The Government have robust systems in place to protect the UK against foreign malign influence. These bring together Government, civil society and private sector organisations to monitor and respond to interference, to ensure our democracy stays open, transparent and resilient. During the 2019 general election a cross-government election security cell was stood up to co-ordinate responses to threats and hazards relating to the election.
On the basis of extensive analysis, the Government have concluded that it is almost certain that Russian actors sought to interfere in the 2019 general election through the online amplification of illicitly acquired and leaked Government documents.
Sensitive Government documents relating to the UK-US free trade agreement were illicitly acquired before the 2019 general election and disseminated online via the social media platform Reddit. When these gained no traction, further attempts were made to promote the illicitly acquired material online in the run-up to the general election.

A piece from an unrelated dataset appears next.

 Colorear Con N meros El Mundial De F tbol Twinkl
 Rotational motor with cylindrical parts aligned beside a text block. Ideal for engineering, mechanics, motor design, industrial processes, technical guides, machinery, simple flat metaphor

Whilst there is no evidence of a broad spectrum Russian campaign against the general election, any attempt to interfere in our democratic processes is completely unacceptable. It is, and will always be, an absolute priority to protect our democracy and elections.
There is an ongoing criminal investigation and it would be inappropriate for us to say anything further at this point.
The Government reserve the right to respond with appropriate measures in the future.
The UK will continue to call out and respond to malign activity, including any attempts to interfere in our democratic processes, alongside our international partners. We fully support the recent action taken by our German partners who exposed Russian responsibility for the hack of their Parliament in 2015, as well as their intention to act against those responsible under the cyber sanctions regime. The UK Government laid the statutory instrument for our own cyber sanctions regime on 17 June.